What the task asks:
Although the entries contain pictures, your copy should hold only their exact text.

Captioned web images:
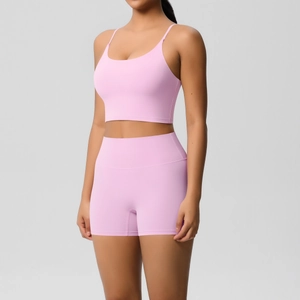 Detail of high-waisted seamless lavender yoga shorts and racerback sports bra set
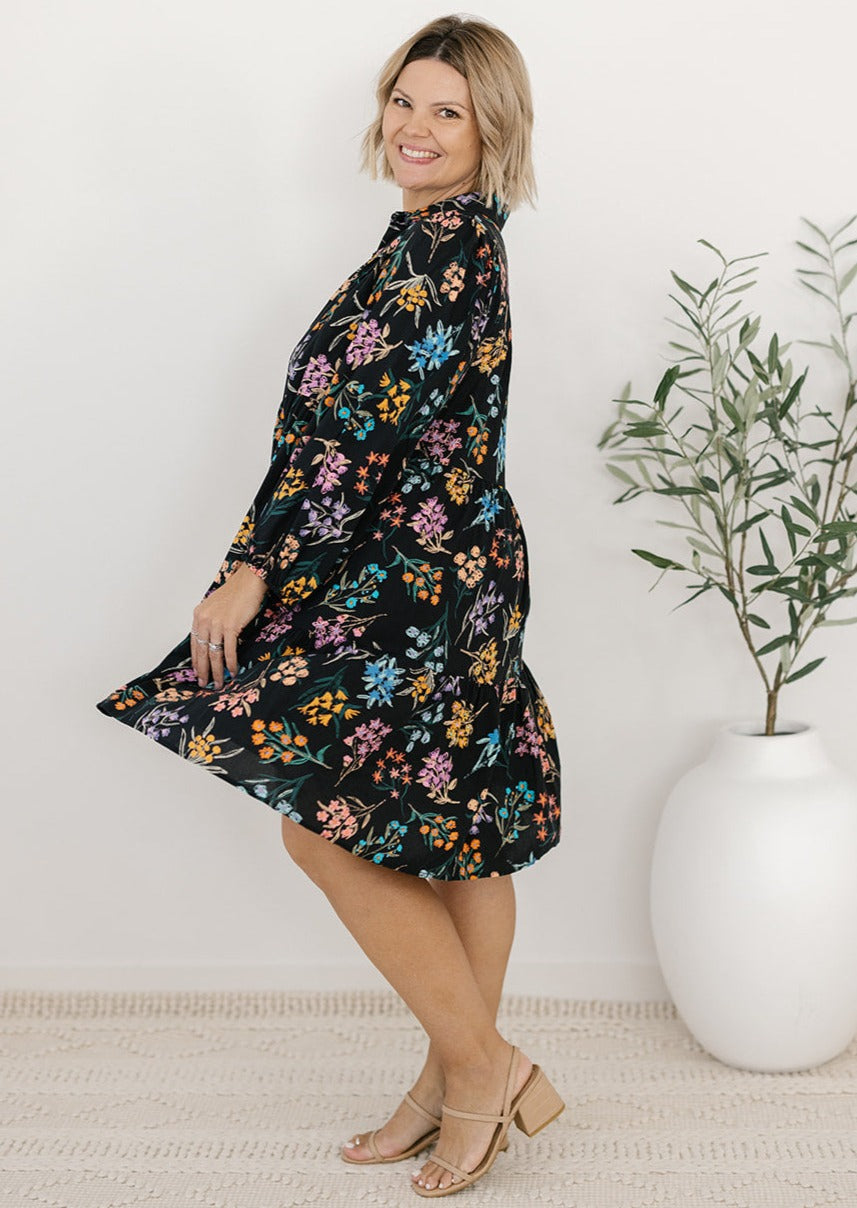 plus-size knee-length button-down black and floral dress with pockets and long sleeves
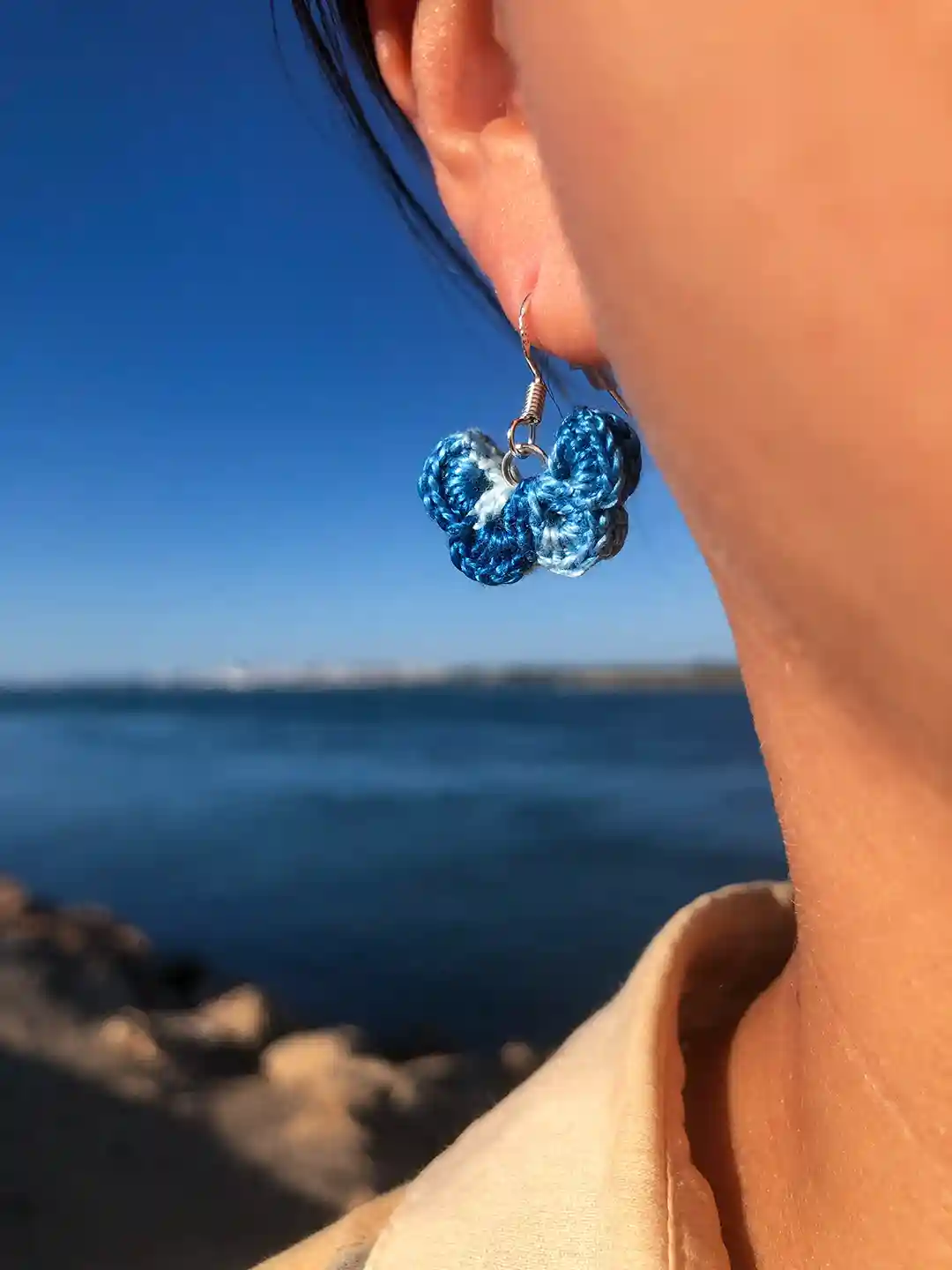 blue butterfly cotton mini crochet earrings from guadiana tiny friends 2024 collection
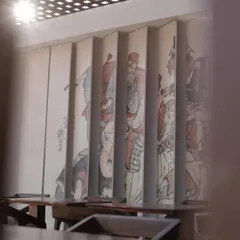 A view of the Japanese art mural inside the Ebisu dining space. The artwork was printed on folding panels, adding an authentic and artistic element to the pop-up's interior design.
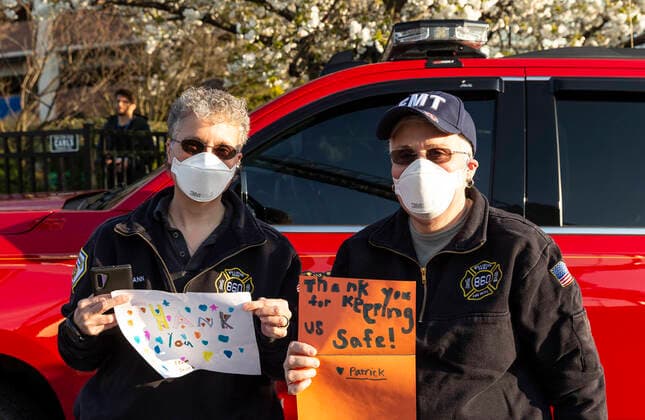 NY: Nassau County first responders salute medics Nassau County first responders line up to salute heroes from front lines of COVID-19 pandemic at North Shore University Hospital Manhasset New York United States Copyright: LevxRadin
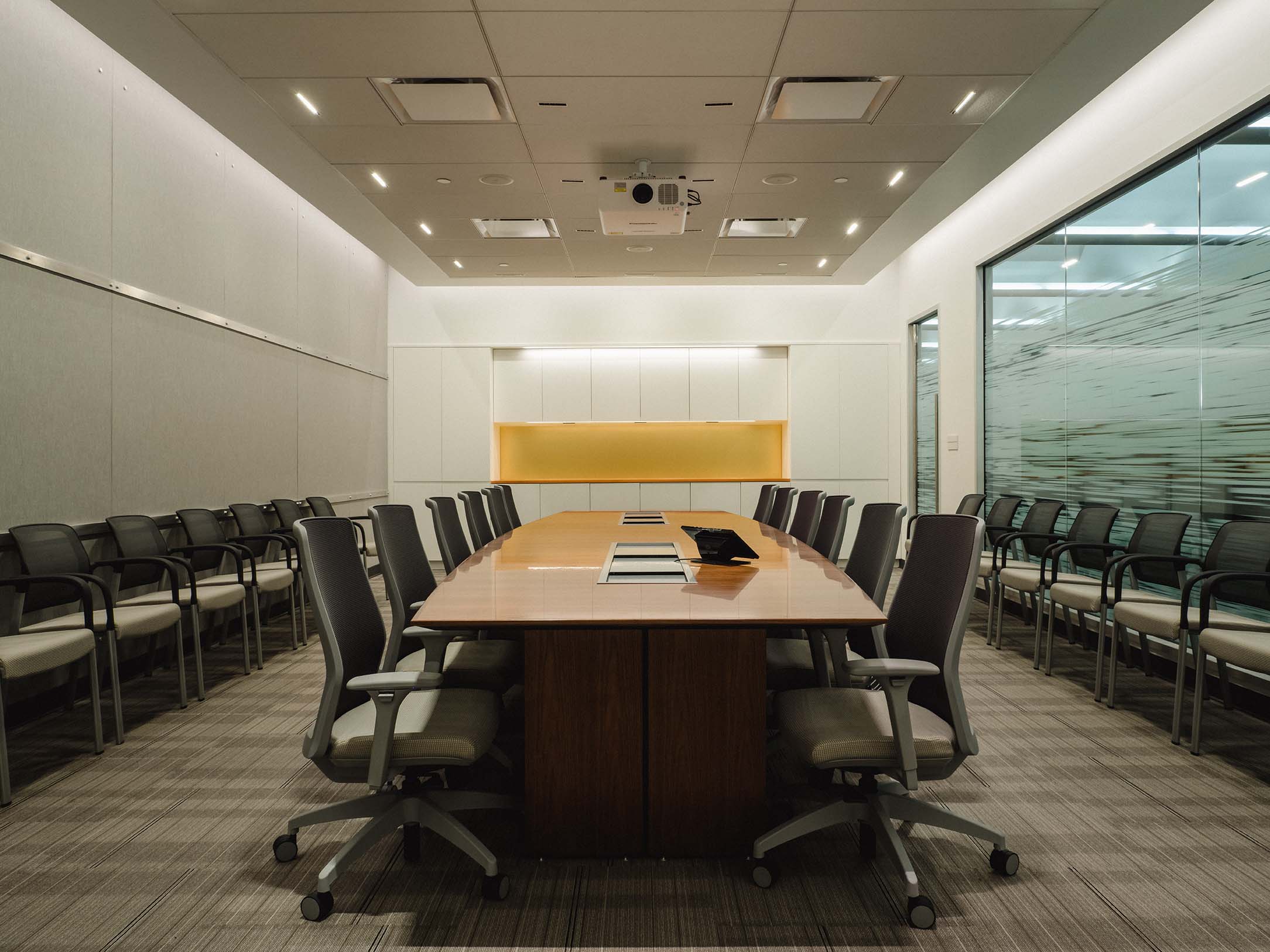 Renovated boardroom with a central wood conference table, ergonomic chairs, acoustic ceiling panels, and modern lighting.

Written answer:
 Detail of high-waisted seamless lavender yoga shorts and racerback sports bra set
 plus-size knee-length button-down black and floral dress with pockets and long sleeves
 blue butterfly cotton mini crochet earrings from guadiana tiny friends 2024 collection
 A view of the Japanese art mural inside the Ebisu dining space. The artwork was printed on folding panels, adding an authentic and artistic element to the pop-up's interior design.
 NY: Nassau County first responders salute medics Nassau County first responders line up to salute heroes from front lines of COVID-19 pandemic at North Shore University Hospital Manhasset New York United States Copyright: LevxRadin
 Renovated boardroom with a central wood conference table, ergonomic chairs, acoustic ceiling panels, and modern lighting.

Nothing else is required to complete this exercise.